Generalization in Representation Models via Random Matrix Theory: Application to Recurrent Networks
This provides a theoretical framework for understanding overparameterized models like deep learning networks, though it is incremental as it extends existing Random Matrix Theory methods to recurrent representations.
The authors analyzed generalization error in models with fixed feature representations and trainable readout layers using Random Matrix Theory, deriving closed-form expressions that reveal echo-state networks (ESNs) are equivalent to ridge regression with time-weighted inputs. Experiments showed ESNs outperform in low-sample, short-memory scenarios while ridge regression excels with more data or long-range dependencies.

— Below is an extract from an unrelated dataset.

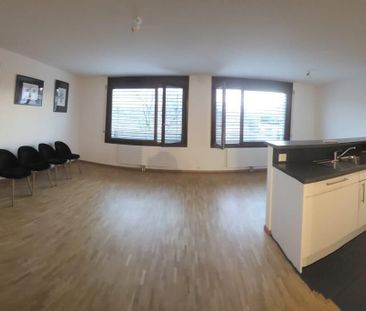 6-room apartment, 4 bedrooms, 2 bathrooms in a duplex in Florissant - Photo 3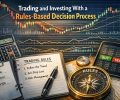 Trading and Investing With a Rules-Based Decision Process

We first study the generalization error of models that use a fixed feature representation (frozen intermediate layers) followed by a trainable readout layer. This setting encompasses a range of architectures, from deep random-feature models to echo-state networks (ESNs) with recurrent dynamics. Working in the high-dimensional regime, we apply Random Matrix Theory to derive a closed-form expression for the asymptotic generalization error. We then apply this analysis to recurrent representations and obtain concise formula that characterize their performance. Surprisingly, we show that a linear ESN is equivalent to ridge regression with an exponentially time-weighted (''memory'') input covariance, revealing a clear inductive bias toward recent inputs. Experiments match predictions: ESNs win in low-sample, short-memory regimes, while ridge prevails with more data or long-range dependencies. Our methodology provides a general framework for analyzing overparameterized models and offers insights into the behavior of deep learning networks.